> [TASK]
In the data below, find the line containing "Connie Mack: The", then set down that line and every later line up to and including the line containing "Significado de alvarengueiro", exactly.

Records excerpted from a collection:
┄┄┄┄┄┄

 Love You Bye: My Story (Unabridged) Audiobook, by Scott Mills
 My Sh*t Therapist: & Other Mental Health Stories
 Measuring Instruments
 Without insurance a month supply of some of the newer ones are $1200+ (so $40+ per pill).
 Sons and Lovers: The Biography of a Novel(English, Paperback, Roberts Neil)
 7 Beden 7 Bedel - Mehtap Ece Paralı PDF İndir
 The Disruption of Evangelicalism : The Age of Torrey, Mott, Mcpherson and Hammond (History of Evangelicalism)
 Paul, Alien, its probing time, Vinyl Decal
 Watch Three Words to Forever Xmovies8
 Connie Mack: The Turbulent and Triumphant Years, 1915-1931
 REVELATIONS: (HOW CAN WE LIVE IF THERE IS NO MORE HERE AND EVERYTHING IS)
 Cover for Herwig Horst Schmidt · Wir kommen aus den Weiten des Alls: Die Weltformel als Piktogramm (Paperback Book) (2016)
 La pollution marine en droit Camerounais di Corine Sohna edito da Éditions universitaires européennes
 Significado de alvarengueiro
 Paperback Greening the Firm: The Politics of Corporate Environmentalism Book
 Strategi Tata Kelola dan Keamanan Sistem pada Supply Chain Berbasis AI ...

┄┄┄┄┄┄

> [SOLUTION TO THIS PROBLEM]
 Connie Mack: The Turbulent and Triumphant Years, 1915-1931
 REVELATIONS: (HOW CAN WE LIVE IF THERE IS NO MORE HERE AND EVERYTHING IS)
 Cover for Herwig Horst Schmidt · Wir kommen aus den Weiten des Alls: Die Weltformel als Piktogramm (Paperback Book) (2016)
 La pollution marine en droit Camerounais di Corine Sohna edito da Éditions universitaires européennes
 Significado de alvarengueiro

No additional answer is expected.